O tempo é uma invenção dos homens. O que existe é a eternidade, sem começo nem fim. Mas o homem resolveu marcar a vida pelos anos. Nós, cristãos, pelo nascimento de Cristo, há 2020 anos, menos que uma gota de água na imensidão dos dias e das noites. Os judeus têm o seu calendário, os chineses idem, e nós este que seguimos, chamado de gregoriano porque foi São Gregório que conseguiu esta fórmula de 28 dias em fevereiro, de quatro em quatro anos 29 e meses de 30 e de 31 dias, tudo de modo a fechar a rotação da Terra em torno do Sol nos 365 dias e ¼ de um ano.
Hoje, na sociedade digital, da comunicação em tempo real, a gente tem a impressão de que há uma compressão do tempo, porque tudo passa rápido e a gente sabe de tudo enquanto acontece. O ano passa como um raio e quando a gente pensa que é janeiro já é setembro e logo acaba um ano e começa outro. Aqui no Brasil querido, não se conta os anos por primavera, verão, outono e inverno. É Natal, Carnaval, Quaresma, São João, julho das férias, Semana da Pátria, feriado gostoso de meio de semana que a enforca toda, Finados e dezembro com os sinos do Natal que começam a tocar em outubro. E o ano acabou e começa tudo de novo.
As mulheres não gostam muito de conhecer o fim dos anos. Eu tinha uma tia solteirona, velha, que tomava conta da casa de um tio avô. Um dia, seu aniversário, perguntei-lhe: “Manana — era seu nome —, quantos anos a senhora está fazendo?” Ela me tomou pelo braço, entrou no quarto e me disse: “72 anos, agora vai dizer lá fora, seu abelhudo.”

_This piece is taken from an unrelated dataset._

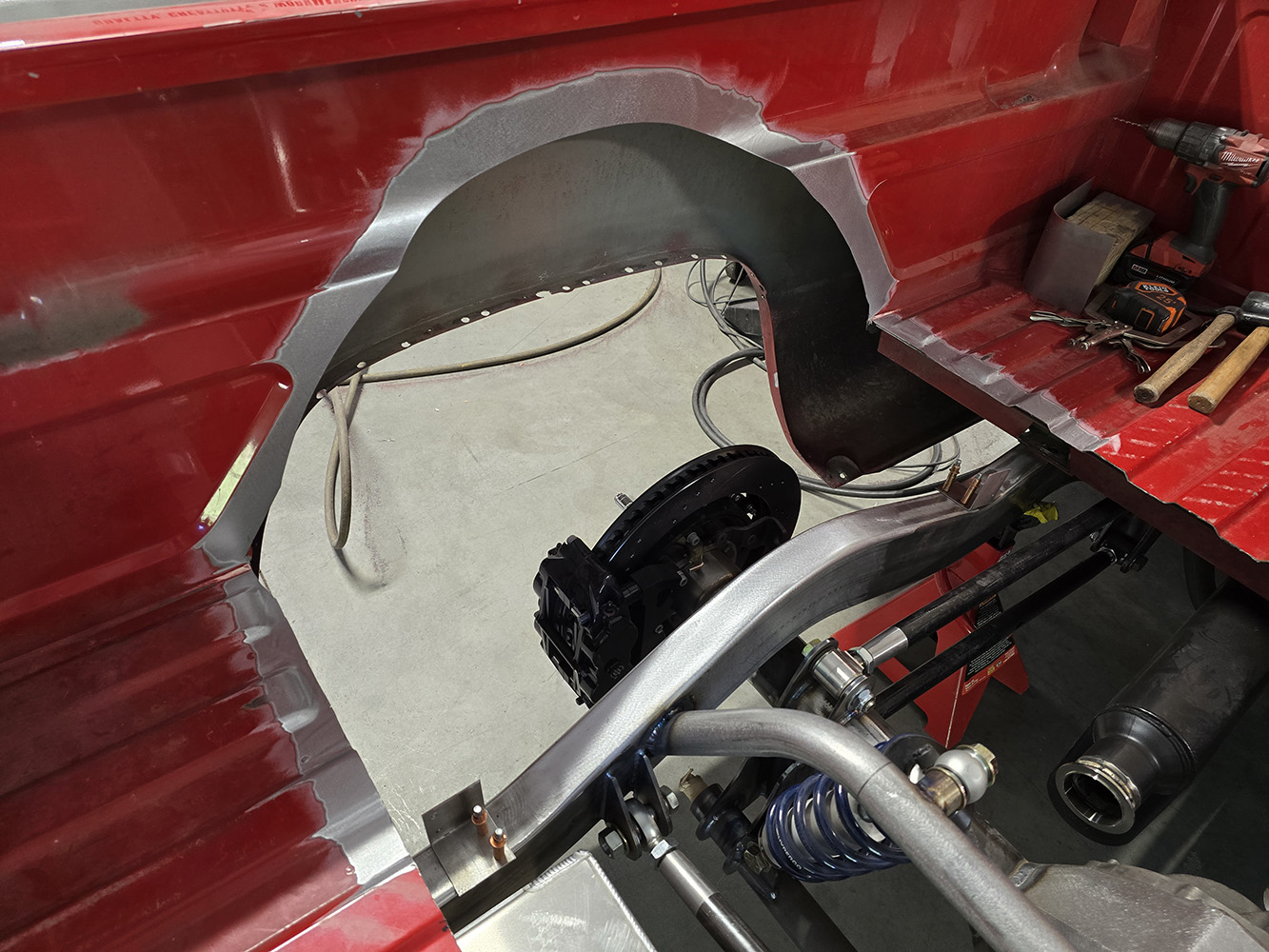 03 Fabrication on inner fender area for tire clearance in Chevy OBS truck bed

Eu tinha um amigo cuja família toda se preparou para comemorar os seus 70 anos. Data redonda, que marca a vida de todos nós, porque a partir daí começa a velhice mesmo. Ele se recusou a fazer 70 e proibiu a família de falar nisso. Uns dois anos depois — éramos muito amigos e vizinhos — seus filhos me procuraram: “Tio Sarney, veja se papai aceita completar 70 anos, nós estamos com a festa feita já há três.” Não houve jeito. Nunca revelou a idade e, quando se fazia o livro da biografia dos senadores, seu maior cuidado era ir à Gráfica do Senado e subtrair uns dois anos.
A verdade é que é muito bom fazer aniversário e assistir a mudança de ano. Saulo Ramos, meu querido amigo, sempre dizia: “A outra solução é pior. Melhor é confessar!”
Em São Bento tinha um senhor muito respeitado que era casado com uma viúva que tinha uma enteada balzaquiana. Dizia-se que vivia com as duas. Mexerico da cidade. Uma doida, dessas que antigamente perambulavam pelas ruas, cantando, chegou na sua porta no fim do ano e começou a cantar e dizer palavrões: “Sua velha devassa, vá embora…” Ela, Georgina, não se fez de rogada: “Seu Abílio, o senhor que dorme com a mãe e beija a filha, dorme com a filha e beija a mãe, diz que eu que sou devassa! Agradeça o ano que passou e vá à missa…”
Todos souberam na cidade que a Georgina não era tão doida como parecia. Milagre do Ano Novo.
Feliz Ano Novo a todos os de boa vontade! Deus conosco com a vacina — e felicidade!